CLIMAP in the 1970s was a project that suggested that the tropics were a pretty mundane place, even during glacial maxima, and that temperatures there wouldn’t change, or would even increase in some areas. Our ice core records now show that changes in isotopic composition from the warm period we’re in now to the last glacial maximum from Greenland to the Andes to the Tibetan Plateau to Antarctica were all about the same. Those changes from the late glacial maximum to the Early Holocene shows very little difference between high latitudes and low latitudes. This suggests global cooling, including tropical areas. This cooling in the tropics is supported from evidence from corals and from noble gases in groundwater from Brazil.
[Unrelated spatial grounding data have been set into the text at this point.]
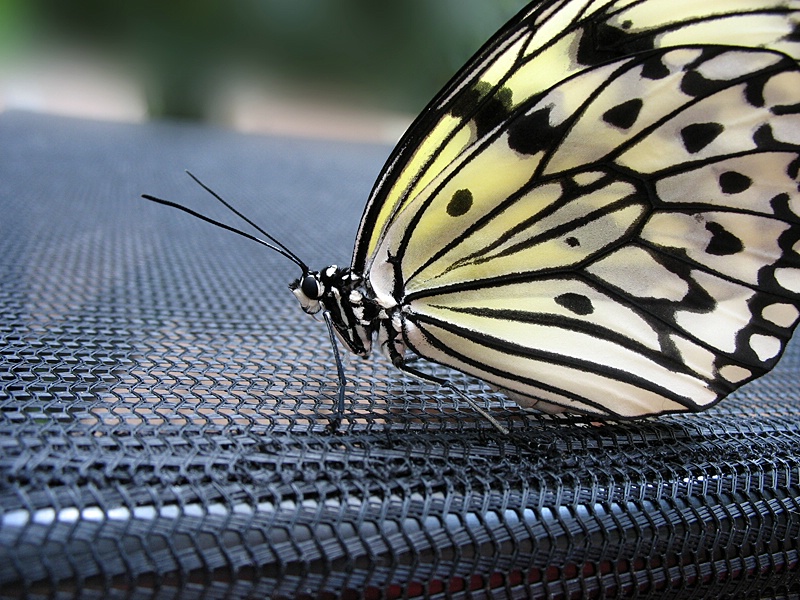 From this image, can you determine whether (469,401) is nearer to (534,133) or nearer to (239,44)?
(534,133)

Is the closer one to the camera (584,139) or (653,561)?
(653,561)

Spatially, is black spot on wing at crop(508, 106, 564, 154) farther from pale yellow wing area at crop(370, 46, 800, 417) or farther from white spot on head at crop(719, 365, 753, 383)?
white spot on head at crop(719, 365, 753, 383)

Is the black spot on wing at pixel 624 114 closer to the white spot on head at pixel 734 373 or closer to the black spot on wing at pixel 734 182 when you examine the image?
the black spot on wing at pixel 734 182

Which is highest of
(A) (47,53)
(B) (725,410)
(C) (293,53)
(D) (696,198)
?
(C) (293,53)

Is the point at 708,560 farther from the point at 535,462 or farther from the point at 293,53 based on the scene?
the point at 293,53

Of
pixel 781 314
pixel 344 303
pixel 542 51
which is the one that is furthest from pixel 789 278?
pixel 344 303

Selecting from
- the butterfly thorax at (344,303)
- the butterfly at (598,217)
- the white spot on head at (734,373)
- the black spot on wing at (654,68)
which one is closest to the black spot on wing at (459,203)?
the butterfly at (598,217)

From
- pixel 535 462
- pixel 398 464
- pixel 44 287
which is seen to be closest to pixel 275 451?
pixel 398 464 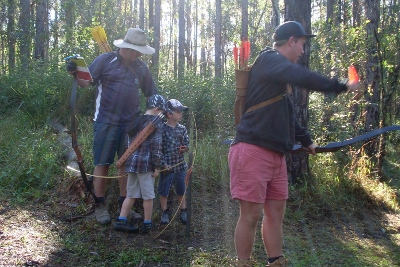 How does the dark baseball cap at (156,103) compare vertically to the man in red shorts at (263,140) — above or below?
above

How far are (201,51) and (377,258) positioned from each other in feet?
151

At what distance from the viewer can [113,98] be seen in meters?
5.37

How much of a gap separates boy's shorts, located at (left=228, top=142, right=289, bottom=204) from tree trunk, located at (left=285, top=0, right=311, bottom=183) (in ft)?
10.5

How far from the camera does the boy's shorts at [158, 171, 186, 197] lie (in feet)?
18.5

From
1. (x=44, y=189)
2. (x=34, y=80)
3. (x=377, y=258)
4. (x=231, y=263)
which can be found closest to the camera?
(x=231, y=263)

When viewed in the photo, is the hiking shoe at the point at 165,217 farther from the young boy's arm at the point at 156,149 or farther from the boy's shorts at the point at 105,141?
the boy's shorts at the point at 105,141

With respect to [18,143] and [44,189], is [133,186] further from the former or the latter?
[18,143]

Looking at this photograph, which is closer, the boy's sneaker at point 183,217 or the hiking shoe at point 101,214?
the hiking shoe at point 101,214

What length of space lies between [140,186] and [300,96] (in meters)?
2.80

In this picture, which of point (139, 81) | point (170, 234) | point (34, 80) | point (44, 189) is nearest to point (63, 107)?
point (34, 80)

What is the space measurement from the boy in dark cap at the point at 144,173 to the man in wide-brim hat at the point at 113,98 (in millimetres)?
266

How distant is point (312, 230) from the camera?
227 inches

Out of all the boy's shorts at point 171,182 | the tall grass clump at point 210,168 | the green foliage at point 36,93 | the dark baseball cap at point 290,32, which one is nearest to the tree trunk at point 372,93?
the tall grass clump at point 210,168

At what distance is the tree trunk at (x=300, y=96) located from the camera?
6.68 metres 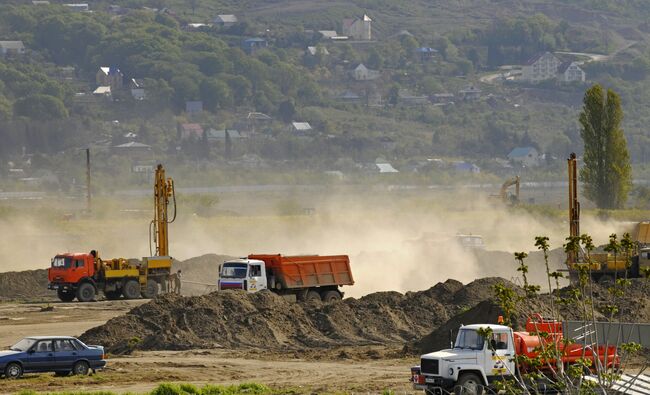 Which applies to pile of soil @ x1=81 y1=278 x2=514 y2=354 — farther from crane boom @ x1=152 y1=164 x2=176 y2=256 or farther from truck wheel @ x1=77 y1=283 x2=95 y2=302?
crane boom @ x1=152 y1=164 x2=176 y2=256

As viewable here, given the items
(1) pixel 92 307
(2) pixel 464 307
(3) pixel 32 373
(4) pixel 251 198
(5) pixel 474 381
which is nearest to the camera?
(5) pixel 474 381

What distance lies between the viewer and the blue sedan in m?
37.8

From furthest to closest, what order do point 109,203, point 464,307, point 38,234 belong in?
point 109,203
point 38,234
point 464,307

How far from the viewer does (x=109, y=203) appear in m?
134

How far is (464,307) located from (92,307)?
18.3 metres

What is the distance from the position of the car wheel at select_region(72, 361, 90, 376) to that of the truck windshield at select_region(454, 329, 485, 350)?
1083cm

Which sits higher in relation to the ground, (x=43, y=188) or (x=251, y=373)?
(x=43, y=188)

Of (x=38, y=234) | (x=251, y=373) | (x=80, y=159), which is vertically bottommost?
(x=251, y=373)

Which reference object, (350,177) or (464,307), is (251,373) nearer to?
(464,307)

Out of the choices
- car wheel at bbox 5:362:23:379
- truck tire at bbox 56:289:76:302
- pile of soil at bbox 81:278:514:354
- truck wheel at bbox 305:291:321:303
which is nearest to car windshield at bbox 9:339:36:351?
car wheel at bbox 5:362:23:379

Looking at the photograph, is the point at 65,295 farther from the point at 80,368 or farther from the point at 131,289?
the point at 80,368

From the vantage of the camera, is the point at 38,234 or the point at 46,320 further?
the point at 38,234

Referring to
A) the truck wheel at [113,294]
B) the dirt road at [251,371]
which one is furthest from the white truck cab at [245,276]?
the truck wheel at [113,294]

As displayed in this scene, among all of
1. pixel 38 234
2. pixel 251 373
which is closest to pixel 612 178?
pixel 38 234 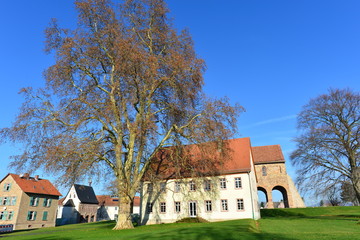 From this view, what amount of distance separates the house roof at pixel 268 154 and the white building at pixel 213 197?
16885mm

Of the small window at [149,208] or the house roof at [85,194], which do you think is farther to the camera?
the house roof at [85,194]

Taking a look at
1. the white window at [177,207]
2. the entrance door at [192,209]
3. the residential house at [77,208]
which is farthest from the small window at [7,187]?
the entrance door at [192,209]

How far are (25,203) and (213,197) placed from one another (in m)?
35.7

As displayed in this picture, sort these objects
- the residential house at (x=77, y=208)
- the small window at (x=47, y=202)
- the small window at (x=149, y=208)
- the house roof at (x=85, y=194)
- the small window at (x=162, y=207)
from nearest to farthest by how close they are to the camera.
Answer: the small window at (x=162, y=207), the small window at (x=149, y=208), the small window at (x=47, y=202), the residential house at (x=77, y=208), the house roof at (x=85, y=194)

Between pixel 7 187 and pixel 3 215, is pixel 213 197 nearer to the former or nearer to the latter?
pixel 3 215

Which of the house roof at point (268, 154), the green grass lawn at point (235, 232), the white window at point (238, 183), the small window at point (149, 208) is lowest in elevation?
the green grass lawn at point (235, 232)

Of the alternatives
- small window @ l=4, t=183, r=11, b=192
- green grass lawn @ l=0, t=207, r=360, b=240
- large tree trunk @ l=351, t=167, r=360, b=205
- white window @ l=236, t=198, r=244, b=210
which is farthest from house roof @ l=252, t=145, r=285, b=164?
small window @ l=4, t=183, r=11, b=192

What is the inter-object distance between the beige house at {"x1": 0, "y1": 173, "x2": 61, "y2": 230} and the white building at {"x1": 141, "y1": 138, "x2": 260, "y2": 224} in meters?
26.5

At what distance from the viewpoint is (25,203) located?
44719 mm

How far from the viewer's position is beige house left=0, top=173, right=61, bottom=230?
43.3m

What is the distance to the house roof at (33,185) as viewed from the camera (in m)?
45.9

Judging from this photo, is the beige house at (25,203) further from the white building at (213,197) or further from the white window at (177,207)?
the white window at (177,207)

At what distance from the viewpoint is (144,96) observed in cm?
2264

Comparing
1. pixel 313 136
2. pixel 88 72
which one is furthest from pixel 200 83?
pixel 313 136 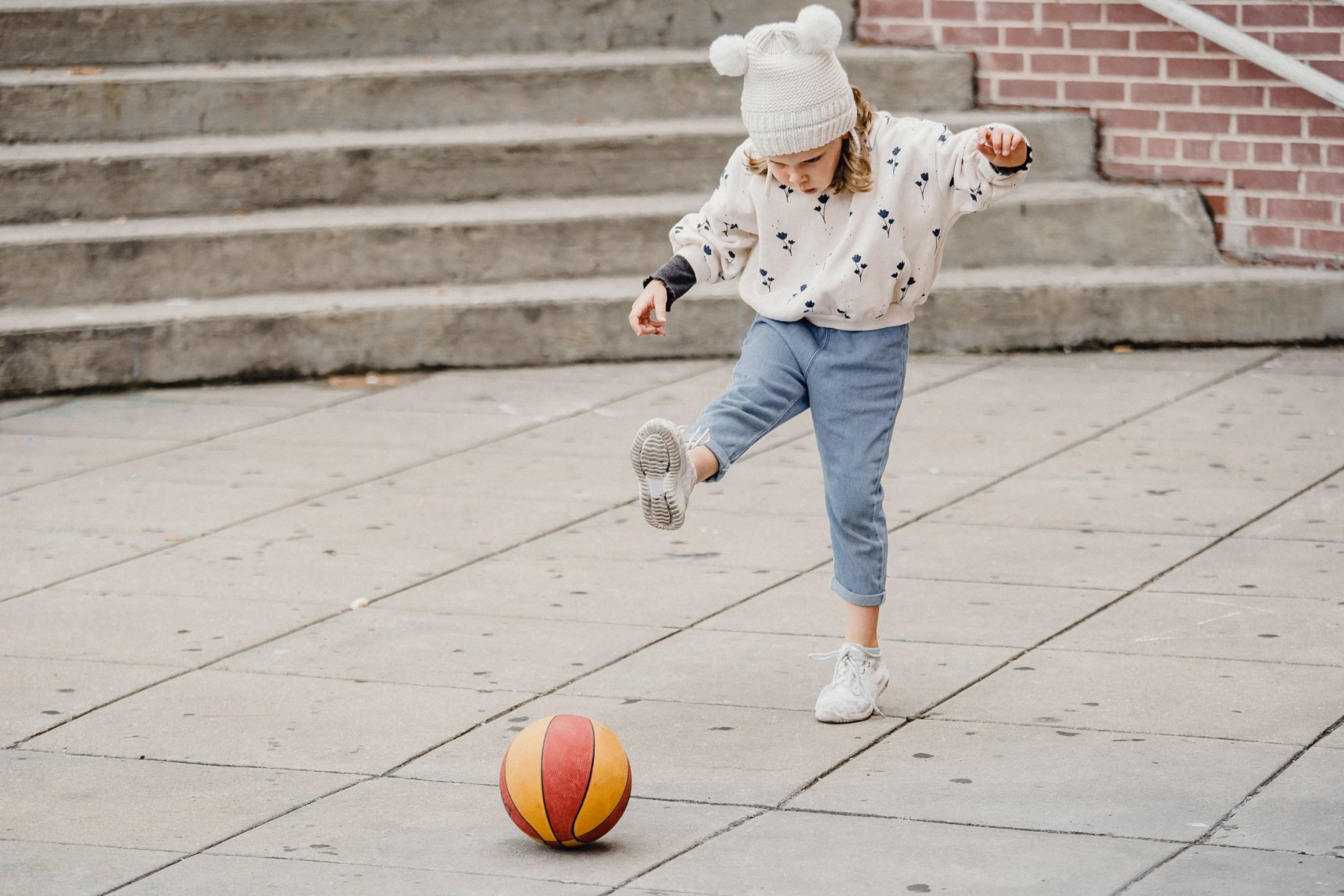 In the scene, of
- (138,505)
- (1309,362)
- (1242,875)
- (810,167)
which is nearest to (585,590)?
(810,167)

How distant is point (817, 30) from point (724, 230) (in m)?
0.58

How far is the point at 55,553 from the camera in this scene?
19.9 ft

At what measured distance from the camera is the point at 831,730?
14.5 ft

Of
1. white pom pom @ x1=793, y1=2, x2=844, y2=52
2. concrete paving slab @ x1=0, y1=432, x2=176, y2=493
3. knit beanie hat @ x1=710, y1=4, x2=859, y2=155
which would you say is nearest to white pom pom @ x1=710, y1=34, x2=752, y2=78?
knit beanie hat @ x1=710, y1=4, x2=859, y2=155

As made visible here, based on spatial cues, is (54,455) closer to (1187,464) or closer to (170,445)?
(170,445)

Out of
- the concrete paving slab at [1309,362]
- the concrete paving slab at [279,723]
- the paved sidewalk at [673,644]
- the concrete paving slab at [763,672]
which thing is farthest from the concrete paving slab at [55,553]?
the concrete paving slab at [1309,362]

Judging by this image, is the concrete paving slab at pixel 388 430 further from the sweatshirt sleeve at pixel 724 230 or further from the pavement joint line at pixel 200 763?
the pavement joint line at pixel 200 763

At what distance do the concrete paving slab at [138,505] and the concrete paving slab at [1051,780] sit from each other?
2.91 meters

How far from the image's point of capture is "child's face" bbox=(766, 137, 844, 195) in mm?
4324

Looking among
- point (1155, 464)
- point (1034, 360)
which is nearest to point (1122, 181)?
point (1034, 360)

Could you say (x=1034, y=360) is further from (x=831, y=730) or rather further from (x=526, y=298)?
(x=831, y=730)

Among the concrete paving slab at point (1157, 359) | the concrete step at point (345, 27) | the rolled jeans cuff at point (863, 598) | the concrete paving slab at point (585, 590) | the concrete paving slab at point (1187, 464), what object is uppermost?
the concrete step at point (345, 27)

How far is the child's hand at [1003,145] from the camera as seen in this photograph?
416 centimetres

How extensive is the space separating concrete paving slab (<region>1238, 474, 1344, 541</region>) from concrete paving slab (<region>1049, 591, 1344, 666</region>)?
0.63 meters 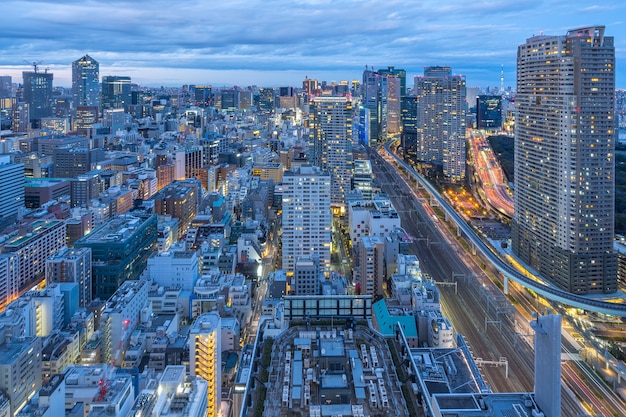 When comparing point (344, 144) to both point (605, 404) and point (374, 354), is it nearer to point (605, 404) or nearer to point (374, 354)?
point (605, 404)

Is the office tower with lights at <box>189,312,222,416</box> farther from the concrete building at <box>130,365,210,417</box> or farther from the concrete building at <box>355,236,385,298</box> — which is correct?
the concrete building at <box>355,236,385,298</box>

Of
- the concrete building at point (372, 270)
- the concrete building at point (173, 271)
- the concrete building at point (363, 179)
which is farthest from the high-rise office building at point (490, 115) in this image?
the concrete building at point (173, 271)

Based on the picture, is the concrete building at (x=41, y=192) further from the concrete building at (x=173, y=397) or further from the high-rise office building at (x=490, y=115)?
the high-rise office building at (x=490, y=115)

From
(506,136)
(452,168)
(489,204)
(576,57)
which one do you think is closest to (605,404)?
(576,57)

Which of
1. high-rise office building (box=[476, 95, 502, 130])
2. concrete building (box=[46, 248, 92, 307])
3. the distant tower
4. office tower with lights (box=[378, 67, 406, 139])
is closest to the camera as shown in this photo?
the distant tower

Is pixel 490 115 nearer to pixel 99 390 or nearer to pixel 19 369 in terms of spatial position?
pixel 19 369

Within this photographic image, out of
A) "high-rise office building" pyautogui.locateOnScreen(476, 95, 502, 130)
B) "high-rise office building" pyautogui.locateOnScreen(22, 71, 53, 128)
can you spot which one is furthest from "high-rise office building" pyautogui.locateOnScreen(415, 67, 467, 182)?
"high-rise office building" pyautogui.locateOnScreen(22, 71, 53, 128) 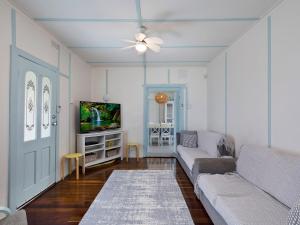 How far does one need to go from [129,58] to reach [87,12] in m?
2.16

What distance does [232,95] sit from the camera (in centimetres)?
375

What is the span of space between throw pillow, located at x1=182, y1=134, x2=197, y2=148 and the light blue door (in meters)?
3.04

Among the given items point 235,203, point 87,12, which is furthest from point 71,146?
point 235,203

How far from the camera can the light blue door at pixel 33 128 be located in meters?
2.59

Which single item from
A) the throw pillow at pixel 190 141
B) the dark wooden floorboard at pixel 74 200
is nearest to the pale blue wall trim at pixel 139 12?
the dark wooden floorboard at pixel 74 200

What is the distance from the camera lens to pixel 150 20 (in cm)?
283

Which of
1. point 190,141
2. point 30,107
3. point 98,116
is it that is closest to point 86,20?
point 30,107

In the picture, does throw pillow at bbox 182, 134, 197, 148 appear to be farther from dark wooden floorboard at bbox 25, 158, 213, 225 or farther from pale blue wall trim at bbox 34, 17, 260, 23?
pale blue wall trim at bbox 34, 17, 260, 23

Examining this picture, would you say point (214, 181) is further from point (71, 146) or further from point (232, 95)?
point (71, 146)

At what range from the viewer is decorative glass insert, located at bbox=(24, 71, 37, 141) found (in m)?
2.79

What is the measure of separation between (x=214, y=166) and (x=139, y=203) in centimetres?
121

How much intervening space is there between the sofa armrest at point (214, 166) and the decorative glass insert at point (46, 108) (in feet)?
8.49

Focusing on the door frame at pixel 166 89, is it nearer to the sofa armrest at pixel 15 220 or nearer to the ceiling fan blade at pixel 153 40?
the ceiling fan blade at pixel 153 40

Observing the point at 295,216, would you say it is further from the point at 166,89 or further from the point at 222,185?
the point at 166,89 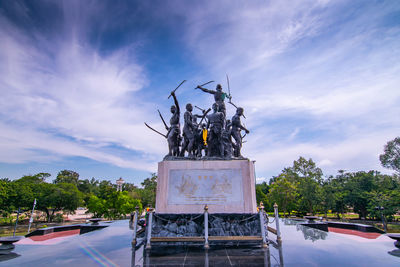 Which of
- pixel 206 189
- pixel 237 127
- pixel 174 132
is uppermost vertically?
pixel 237 127

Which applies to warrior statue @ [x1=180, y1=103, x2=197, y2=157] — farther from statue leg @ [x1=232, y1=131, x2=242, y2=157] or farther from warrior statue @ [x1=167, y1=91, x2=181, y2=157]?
statue leg @ [x1=232, y1=131, x2=242, y2=157]

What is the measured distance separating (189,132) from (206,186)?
2.79 metres

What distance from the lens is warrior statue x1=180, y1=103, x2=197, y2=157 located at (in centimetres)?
1012

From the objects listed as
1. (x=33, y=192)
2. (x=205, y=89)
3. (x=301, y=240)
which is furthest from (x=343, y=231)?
(x=33, y=192)

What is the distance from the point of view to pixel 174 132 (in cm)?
1046

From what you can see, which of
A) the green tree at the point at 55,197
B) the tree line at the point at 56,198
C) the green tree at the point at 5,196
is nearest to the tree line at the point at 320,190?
the tree line at the point at 56,198

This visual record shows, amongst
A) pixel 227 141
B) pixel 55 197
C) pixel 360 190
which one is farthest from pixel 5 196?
pixel 360 190

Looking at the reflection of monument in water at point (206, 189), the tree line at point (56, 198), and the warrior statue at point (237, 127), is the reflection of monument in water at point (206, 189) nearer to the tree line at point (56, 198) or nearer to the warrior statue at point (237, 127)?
the warrior statue at point (237, 127)

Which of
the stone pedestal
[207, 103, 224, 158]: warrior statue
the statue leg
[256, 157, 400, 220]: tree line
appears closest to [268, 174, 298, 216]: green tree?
[256, 157, 400, 220]: tree line

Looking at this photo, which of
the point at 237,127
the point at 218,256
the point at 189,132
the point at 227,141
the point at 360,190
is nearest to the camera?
the point at 218,256

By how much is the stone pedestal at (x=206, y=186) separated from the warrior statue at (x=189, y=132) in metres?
1.03

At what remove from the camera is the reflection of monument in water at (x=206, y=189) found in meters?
7.86

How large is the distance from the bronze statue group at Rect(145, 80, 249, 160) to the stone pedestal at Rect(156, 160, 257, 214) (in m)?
0.77

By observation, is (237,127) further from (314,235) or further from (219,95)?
(314,235) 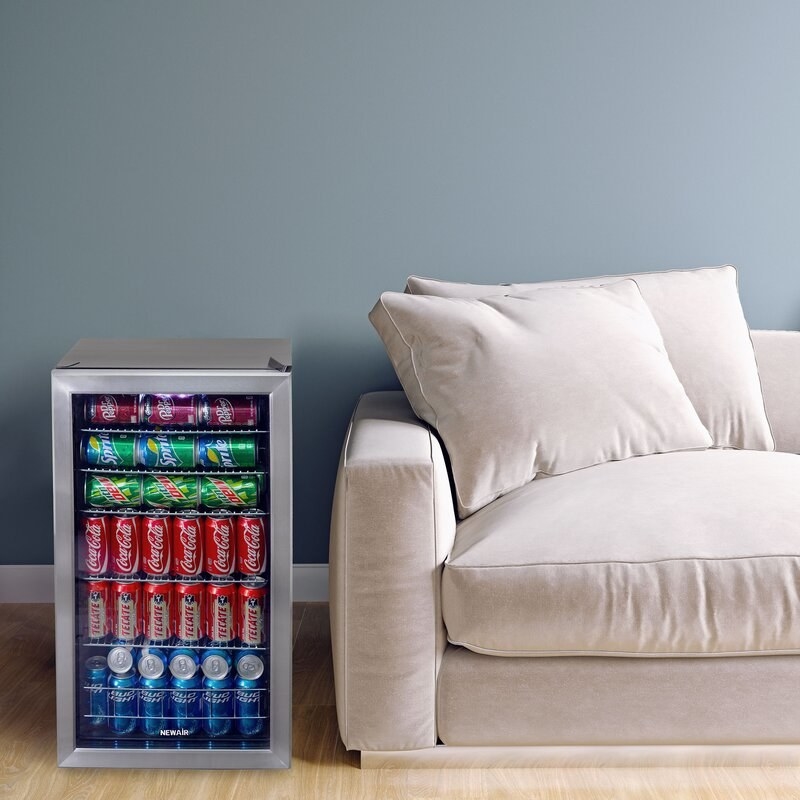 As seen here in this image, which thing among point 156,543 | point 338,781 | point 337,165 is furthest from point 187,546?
point 337,165

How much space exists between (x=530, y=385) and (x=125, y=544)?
2.91 ft

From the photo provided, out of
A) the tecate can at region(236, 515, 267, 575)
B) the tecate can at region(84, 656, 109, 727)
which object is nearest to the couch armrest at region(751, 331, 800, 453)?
the tecate can at region(236, 515, 267, 575)

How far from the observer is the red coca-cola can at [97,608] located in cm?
171

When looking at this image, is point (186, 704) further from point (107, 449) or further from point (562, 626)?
point (562, 626)

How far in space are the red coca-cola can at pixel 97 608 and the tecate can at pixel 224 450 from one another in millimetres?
321

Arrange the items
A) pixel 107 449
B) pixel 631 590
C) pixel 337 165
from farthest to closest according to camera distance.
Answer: pixel 337 165, pixel 107 449, pixel 631 590

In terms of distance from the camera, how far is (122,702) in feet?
5.67

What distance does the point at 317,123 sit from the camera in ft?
8.02

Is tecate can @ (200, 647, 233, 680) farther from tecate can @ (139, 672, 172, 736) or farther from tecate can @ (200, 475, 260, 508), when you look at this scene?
tecate can @ (200, 475, 260, 508)

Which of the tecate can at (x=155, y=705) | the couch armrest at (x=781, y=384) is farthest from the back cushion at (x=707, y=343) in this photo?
the tecate can at (x=155, y=705)

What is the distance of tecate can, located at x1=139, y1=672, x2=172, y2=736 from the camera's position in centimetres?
172

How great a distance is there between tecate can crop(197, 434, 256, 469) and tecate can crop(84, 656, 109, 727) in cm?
46

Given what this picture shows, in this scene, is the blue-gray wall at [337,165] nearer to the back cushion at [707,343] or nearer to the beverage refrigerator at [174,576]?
the back cushion at [707,343]

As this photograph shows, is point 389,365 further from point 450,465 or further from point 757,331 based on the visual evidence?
point 757,331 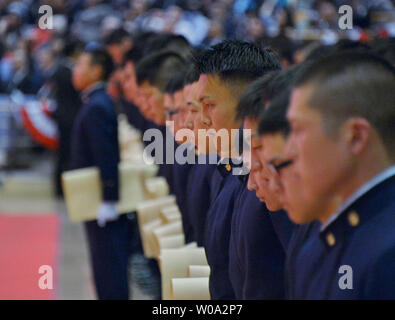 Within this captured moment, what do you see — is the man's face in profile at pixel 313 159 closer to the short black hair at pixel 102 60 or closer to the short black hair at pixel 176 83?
the short black hair at pixel 176 83

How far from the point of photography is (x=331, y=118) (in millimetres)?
1457

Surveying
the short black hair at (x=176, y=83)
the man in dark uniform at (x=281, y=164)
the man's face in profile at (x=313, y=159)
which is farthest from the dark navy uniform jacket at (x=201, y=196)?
the man's face in profile at (x=313, y=159)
The present: we’ve been struck by how rapidly things are changing in these tropical glaciers. Annual cycles now are being melted at the peripheries of these ice caps, as well as at the summits, even since the 1970s. The ice masses themselves - the rate of retreat is increasing exponentially on some monitored glaicers/ice caps. A rapid retreat of ice margins is going on in these tropical glaciers.
We are seeing a global retreat in glaciers, except some glaciers in Norway and Sweden, which are growing because the precipitation that used to feed the Alps is being deflected northward. Projections: 50% of expected sealevel rise is coming from the melting of mountain glaciers and 50% from volume expansion of warmer ocean water.